OAK LAWN, Ill. (WLS) -- Those with insurance claims might think problems are solved with a check. But that's not the case for a family in southwest suburban Oak Lawn that is fighting for flood relief money.
In August, Janet Kawczynski's finished basement and kitchen were ruined by flood damage. When she was cleared by FEMA to get flood insurance money, Kawczynski was relieved. But three months later, she's having trouble getting her FEMA approved flood insurance money from her bank.
"I don't sleep at night. I'm up constantly thinking why this is happening, why they won't give us the money. I've done everything that they asked. I don't know. It's extremely emotional," Kawczynski said.
Under the National Flood Insurance Program, Allstate, Kawczynski's insurance company, said it was legally required to issue the $25,000 FEMA check to Kawczynski and the home lender, U.S. Bank.
"This is their policy. This is what it is. I actually had two people tell me that if I want this money that I have to go pay off my mortgage," she said.
U.S. Bank's written policy states that to receive the "first draw" homeowners must submit signed estimates. The I-Team contacted U.S. Bank and a spokesperson said the bank was working with Kawczynski.
"This is a loan for which Fannie Mae is the investor, and as such, we need to follow their rules for the disbursement of funds. They require us to ensure the value of the property is restored, and disbursements are made based on work completed," the bank said in an email.
Fannie Mae confirmed the policy with the I-Team.

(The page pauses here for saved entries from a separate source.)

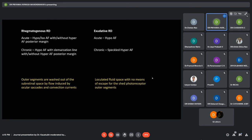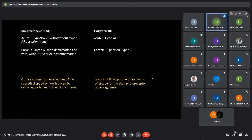Also, there are different autofluorescence features in both rhegmatogenous and exudative RD, although both have presence of subretinal fluid. In rhegmatogenous RD, acute cases, we have hypo- or iso-autofluorescence with or without a posterior hyper-autofluorescence margin. Whereas in exudative RD, acute cases, we have hypo-autofluorescence areas.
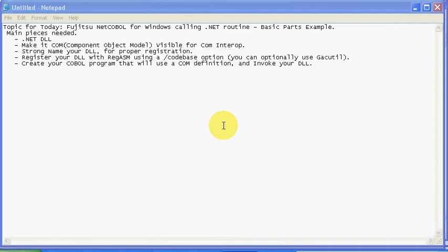Hello, this is Matt Moser, a partner with Alchemy Solutions, and today what I want to cover with you is the basic components of a NetCobol for Windows under Fujitsu calling a .NET routine. This will just be strictly the basic pieces, which are obviously you need a .NET DLL, you need to make that DLL visible to COM Interop, and COM stands for Component Object Model.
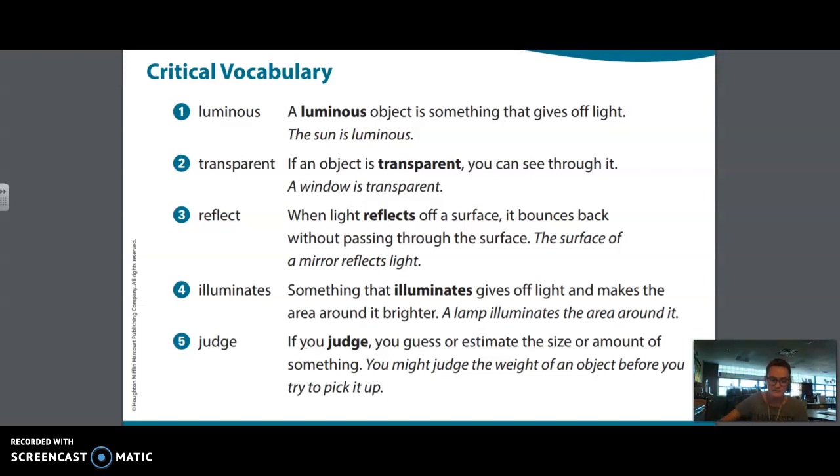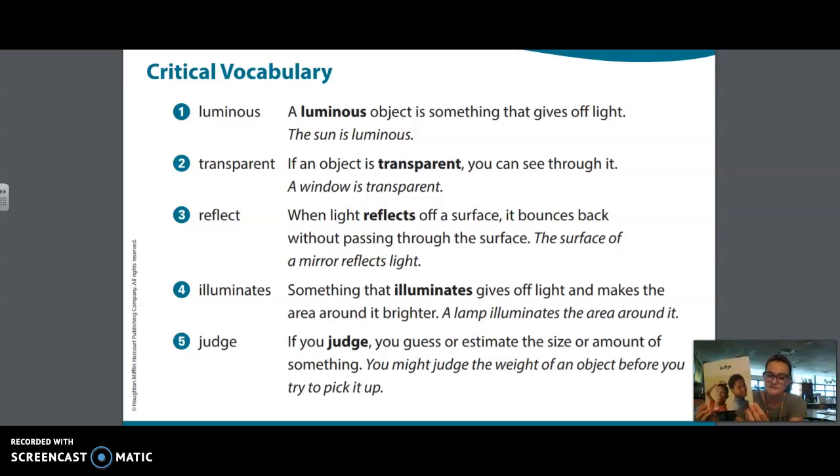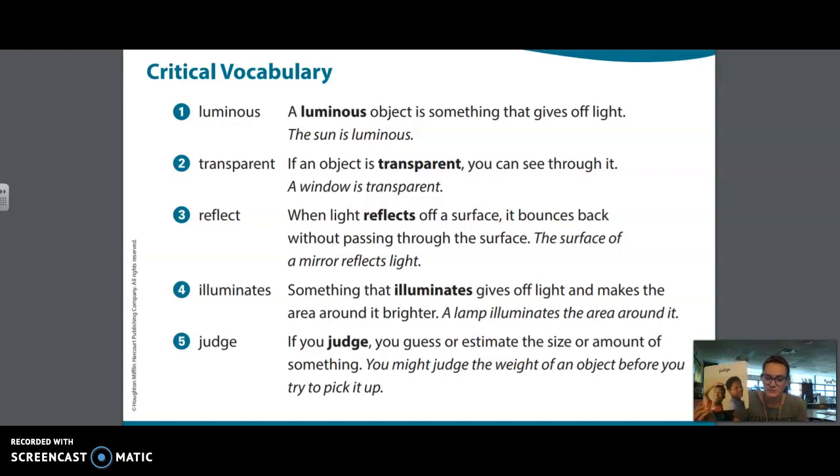And the last one we're going to talk about together is judge. If you judge, you guess or estimate the size or amount of something. You might judge the weight of an object before you try to pick it up.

Kawczynski said she did submit some work receipts. She estimates she spent about $5,000 shortly after the flood but got the run around is still waiting for the money.
"I've called them every day since September to ask them what's up. They want paperwork. I sent paperwork. They didn't get it. There was always some excuse," Kawczynski said.
Shortly after the I-Team got involved, Kawczynski said U.S. Bank cut her a check for $10,000. For claims over $10,000, the bank said it needs to make sure repairs are made by a licensed contractor and requires a bank inspection. A letter from U.S. Bank said another "draw" will be released when two thirds of the repairs are completed.
"I don't think anybody should have to go through this. I mean I just want the house fixed, that's what we pay the insurance for," Kawczynski said.
Having homeowners pay upfront and wait for reimbursements is a common policy with many lenders and insurance companies. People who live in a flood zone should know their policies inside and out to make sure they get that line of credit up front.